__Task__
Would you reproduce every record exactly, leaving out the pictures?

Collected data entries

*** Block opens ***

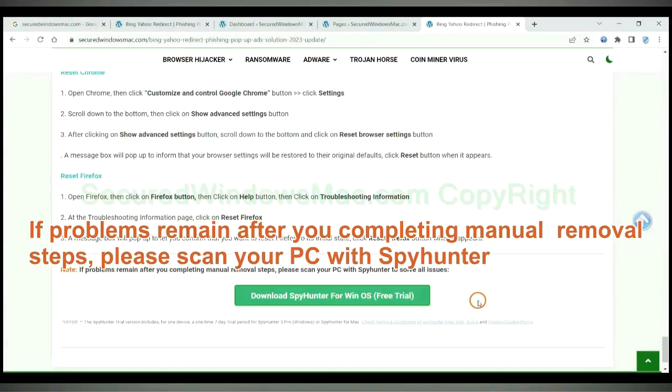If problems remain after you complete manual removal steps, please scan your PC with SpyHunter.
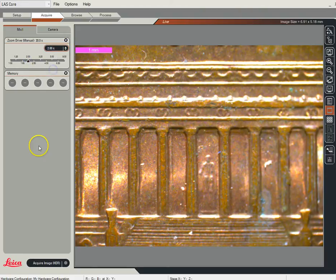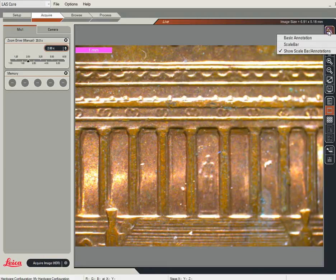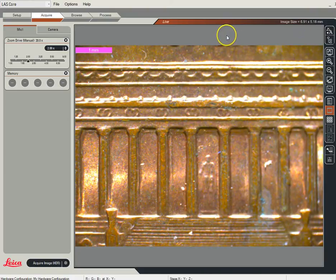The easiest way is just to come in like this. That scale bar, we got that by clicking on this annotation option. If you end up taking a picture and that scale bar doesn't end up on your picture, you have to come under here and tell it you want the scale bar, you want it to show, and you want it merged — and that should take care of that.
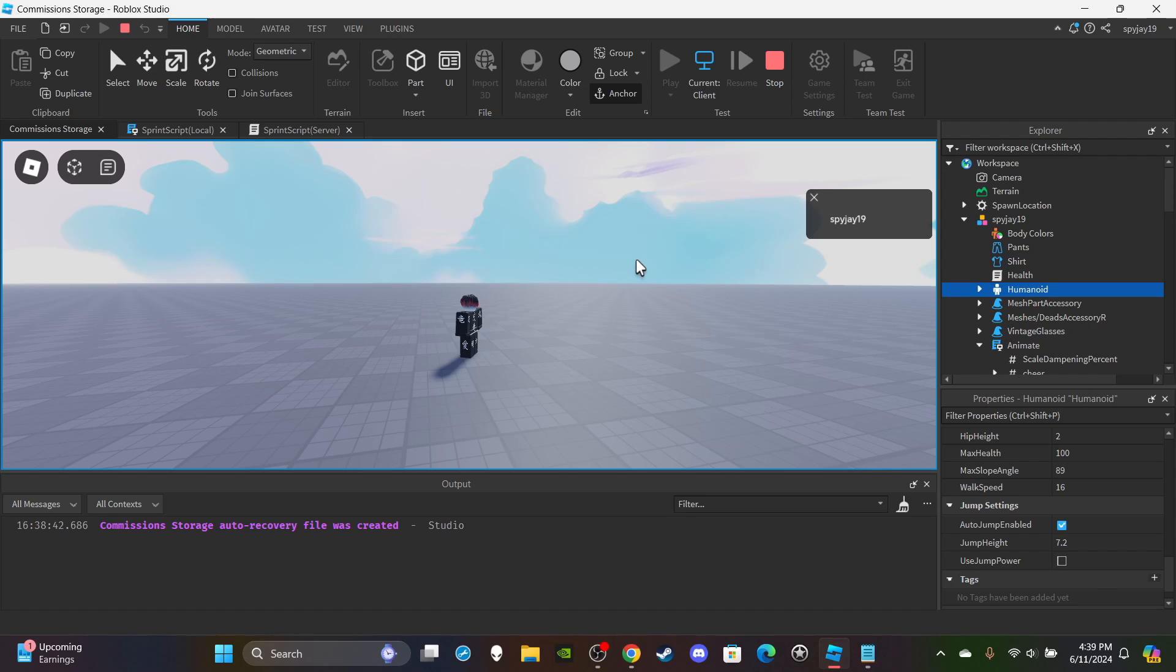So yeah, that's how you make a shift to sprint system with a custom walking slash running animation. Hope you guys enjoyed the video. If you did, definitely like, subscribe, and I will see you guys in the next video. Thank you guys for watching. If you want access to this, you can get access by getting one of the memberships in the description. See you guys in the next video.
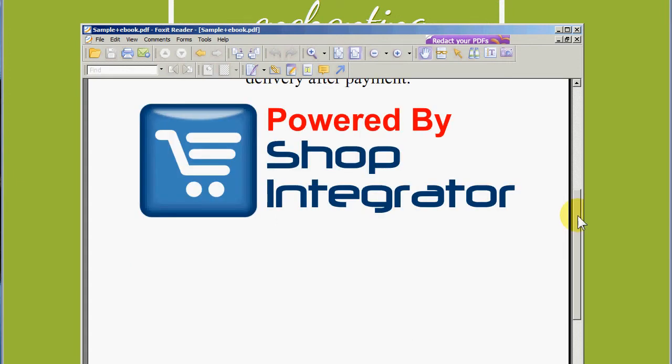Thank you for watching the Shop Integrator and SagePay customer checkout experience. You can find out more information by visiting shopintegrator.com and we hope to see you soon. Thanks.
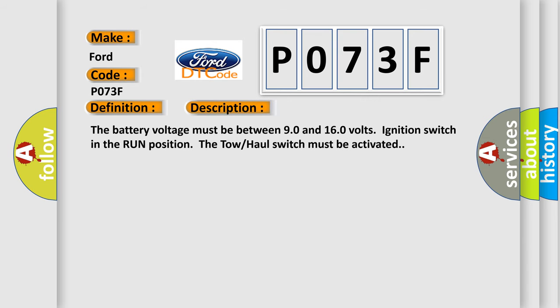The battery voltage must be between 9.0 and 16.0 volts, ignition switch in the run position. The tow-haul switch must be activated.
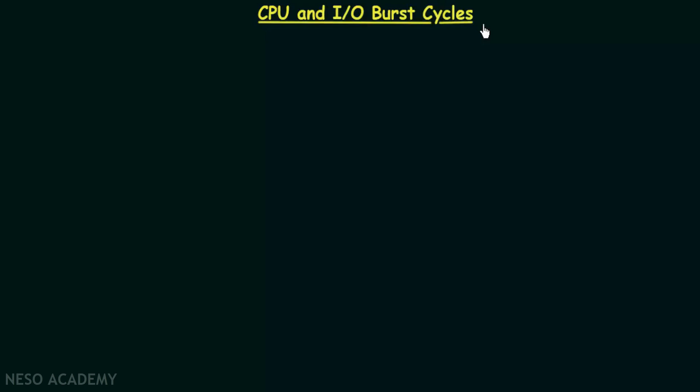In the previous lecture we started studying about CPU scheduling and saw a basic introduction to it. Moving ahead, in this lecture we will be studying about CPU and IO burst cycles.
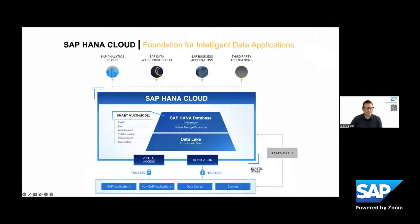Hi, Allie. Thanks for inviting me today, and I'm excited to talk to you and the rest of the viewers about how SAP HANA Cloud truly is the foundation for intelligent data applications. So let me start sharing my screen.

*** Block closes ***

__Written solution__
If problems remain after you complete manual removal steps, please scan your PC with SpyHunter.
The easiest way is just to come in like this. That scale bar, we got that by clicking on this annotation option. If you end up taking a picture and that scale bar doesn't end up on your picture, you have to come under here and tell it you want the scale bar, you want it to show, and you want it merged — and that should take care of that.
So yeah, that's how you make a shift to sprint system with a custom walking slash running animation. Hope you guys enjoyed the video. If you did, definitely like, subscribe, and I will see you guys in the next video. Thank you guys for watching. If you want access to this, you can get access by getting one of the memberships in the description. See you guys in the next video.
Thank you for watching the Shop Integrator and SagePay customer checkout experience. You can find out more information by visiting shopintegrator.com and we hope to see you soon. Thanks.
The battery voltage must be between 9.0 and 16.0 volts, ignition switch in the run position. The tow-haul switch must be activated.
In the previous lecture we started studying about CPU scheduling and saw a basic introduction to it. Moving ahead, in this lecture we will be studying about CPU and IO burst cycles.
Hi, Allie. Thanks for inviting me today, and I'm excited to talk to you and the rest of the viewers about how SAP HANA Cloud truly is the foundation for intelligent data applications. So let me start sharing my screen.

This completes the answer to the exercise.